63 entry daha
  • kendimizi pazarlamak için yaşıyoruz. neredeyse yaptığımız her şey. bir yerlere üyeliğimiz mesela ve üye olduğumuz her yerde. twitter, facebook, ekşi sözlük, vimeo, gazeteler, dergiler... gösteri toplumu. bunda kötülük? bilmiyorum. bazen iğreniyorum buna, bazen de insan zaman geçirmeli diyorum. sevdiği şeylerle, meşgalelerle tüketmesi daha iyi, hele ki kendine katabiliyorsa (gibi). aksindeyse hiçbir şey yapmayıp kıçımız üstüne hiçlikle oturalım? ara ara hissettiğim baş ağrısı işte. milyonlarca dertten bunu mu seçtim: olanla olunmaz, derdim bu olsun. evren bozuyor.

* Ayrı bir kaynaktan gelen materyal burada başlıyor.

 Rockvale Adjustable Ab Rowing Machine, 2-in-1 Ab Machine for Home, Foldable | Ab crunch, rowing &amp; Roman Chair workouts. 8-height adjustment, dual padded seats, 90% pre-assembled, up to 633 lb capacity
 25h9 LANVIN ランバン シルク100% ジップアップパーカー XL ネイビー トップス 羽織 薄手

    yaa işte mete özgencil. 'nasıl zor şimdi'leri, 'gel, öğret ve git'leri, çektiğin klipleri hep izledim. çok özeller ve güzel. ama bir noktadan sonra bu da tuhaf. nasılsan; derinsen bile, nasıl derinim pazarlamasına dönmüyor mu? mesela bu satırlar. sen de düşündüklerimi düşünmüşsündür ama mutlu olmanın yolu bu değil bence. hani evde oturmaktansa, dışarı çıkmak en iyisi. yaşama inanmalı. öbür türlü bayık, sıkkın nereye kadar. sana iki bira kapmak isterdim. sen eğlenir gibi yapanlardansın başta. ama inandığında eğleniyorsun. nereden biliyorum? yanlışsam, aksini ispat et. zorunda mısın? çok saçma. hani mutluluğun yalnızca içimizde olduğu ve başkalarının onu alamayacağı/bozamayacağı/etki edemeyeceği bir felsefe var ya; keşke gerçek bu asosyallik olsaydı. bu yanlış çok farklı (oysa, harbi).